Some have proposed modifying this to give larger states more representation.
One idea would be give each state 2 sets of the following groups of senators:
- Divide the state’s population by the population of the average state, rounding down to the nearest integer, or if zero,
- A minimum of one senator
In other words, small states like Wyoming would still have a single senator elected in two out of every 3 biannual cycles, [2 total senators] for a 6 year term each, but larger states like California would get Floor (40 million * 50 / 330 million) = 6 senators in two out of every 3 cycles, for a total of 12 senators.
In practice, only the 4 largest states (CA, FL, TX, NY) would get more than 2 senators total, with current populations.
This means that while smaller states would still need a good single winner method, larger states should have some form of PR.
If, instead, you rounded to the nearest integer, that would give more states an extra senator (adding PA, IL, OH, GA, NC, MI to the list above).
The overall size of the US Senate would increase to ~130-140, not unmanageable, with small states still having disproportionate representation.

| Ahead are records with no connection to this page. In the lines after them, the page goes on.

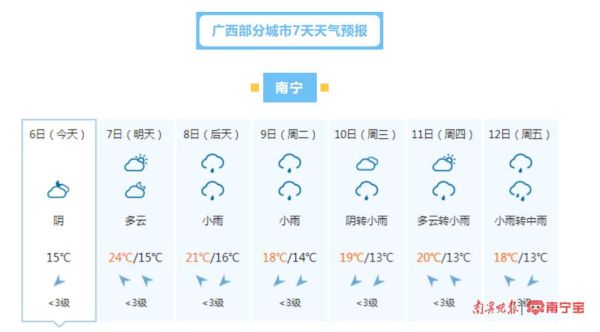南寧今天天氣預(yù)報(出門要記得帶雨具嗎)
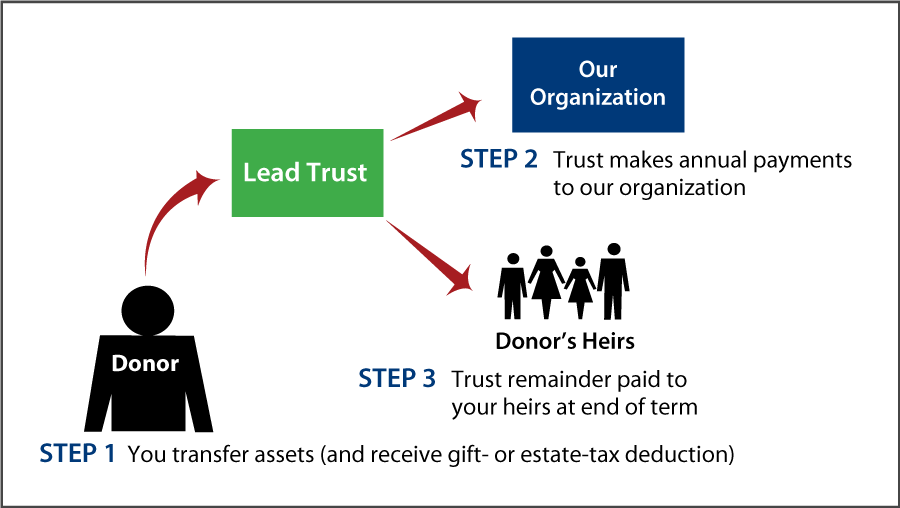 Nongrantor Lead Trust Diagram. Description of image is listed below.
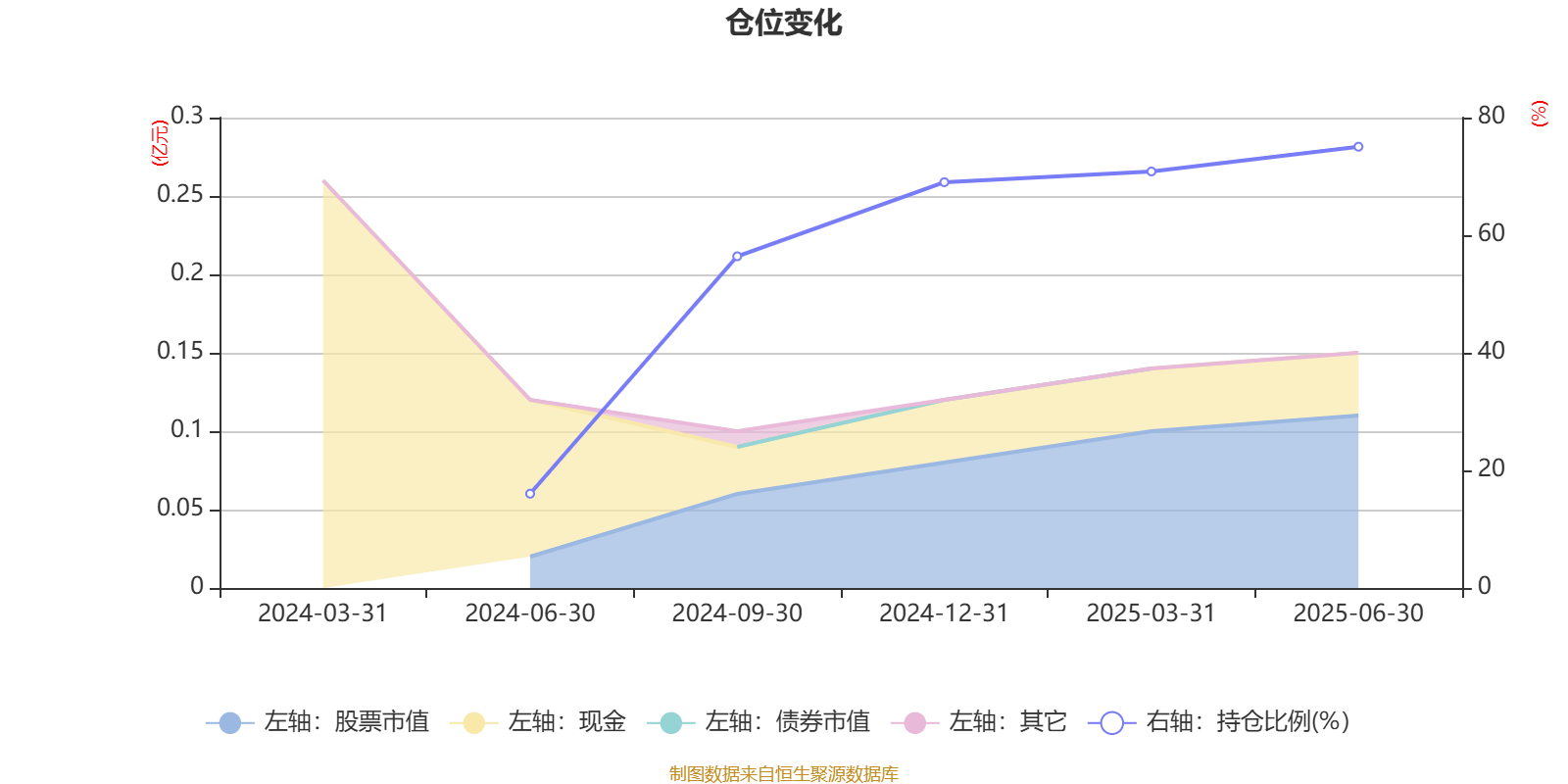 浙江龙盛2025半年度分配预案:拟10派2元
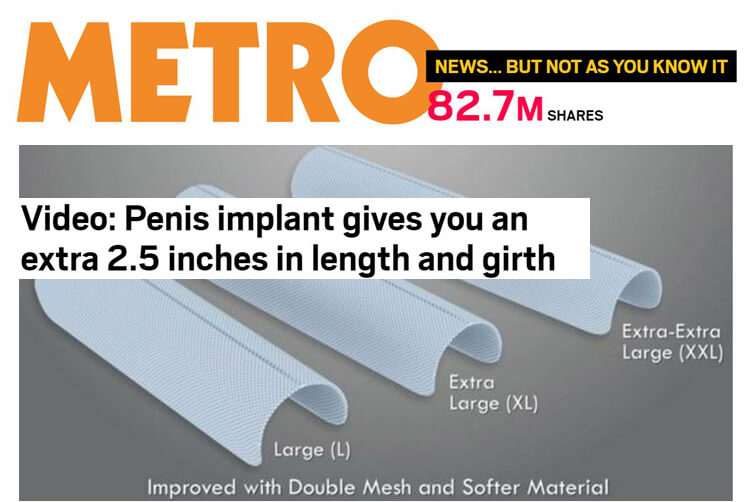 How to Measure Penis Length and Girth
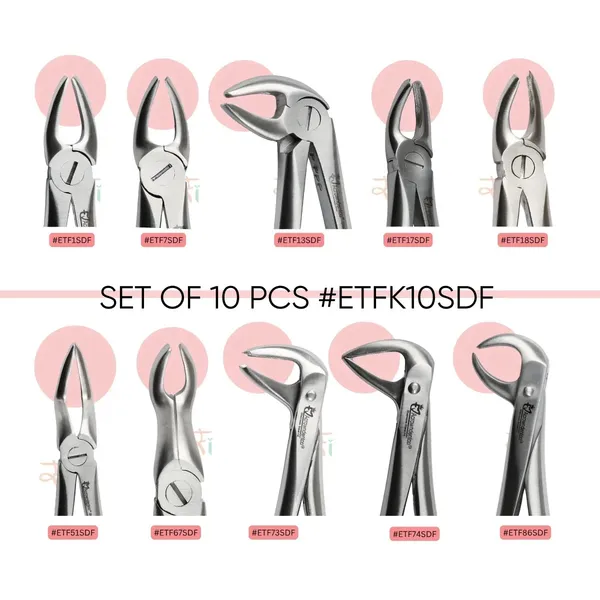 Extraction_Tooth_Forceps_Kit_-_Standard-English_Pattern_SI-Stain_Polish_Finish_Surface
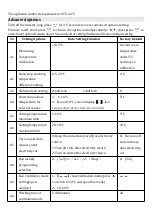 Preview for 3 page of HYSEN HY02TP WIFI User Manual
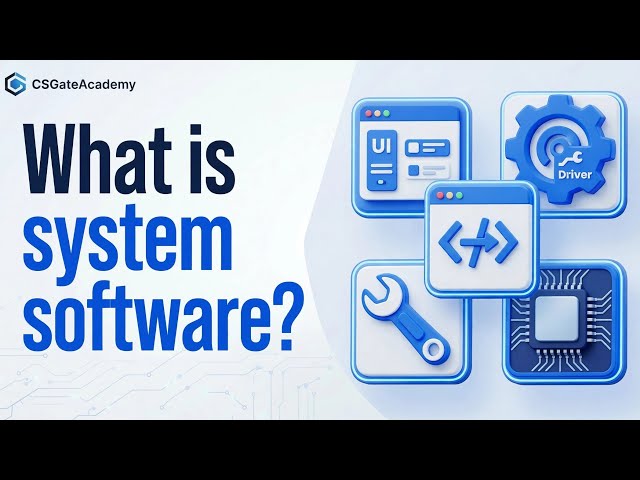 What is System Software? (Hindi)| Definition, Types, Examples | Computer Fundamentals 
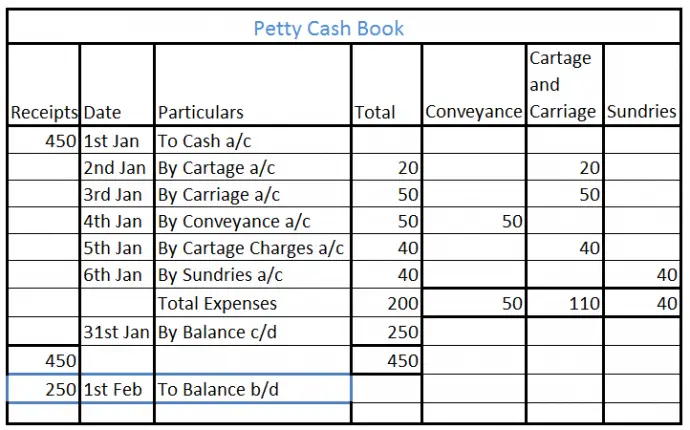 what-is-the-type-of-account-and-normal-balance-of-petty-cash-book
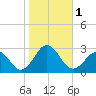 Little Creek Beach tide chart for Wednesday, November 1, 2023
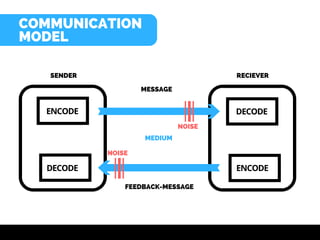 COMMUNICATION
MODEL
SENDER
MESSAGE
MEDIUM
NOISE
NOISE
FEEDBACK-MESSAGE
RECIEVER
ENCODE
DECODE
DECODE
ENCODE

The Electoral College would become more representative, though still disproportionately favoring small states.
With PR, the overall balance of parties might not change drastically, since even “blue” states like CA have sizeable GOP minorities. But that might be balanced by Democratic minority representation in the TX delegation.
Anyway, I thought I would put this out there as a topic of discussion, since it would be an interesting application for multiwinner election methods, and would require a technique that could scale up to 6 or 7 winners with around 20 million voters, and who knows how many candidates.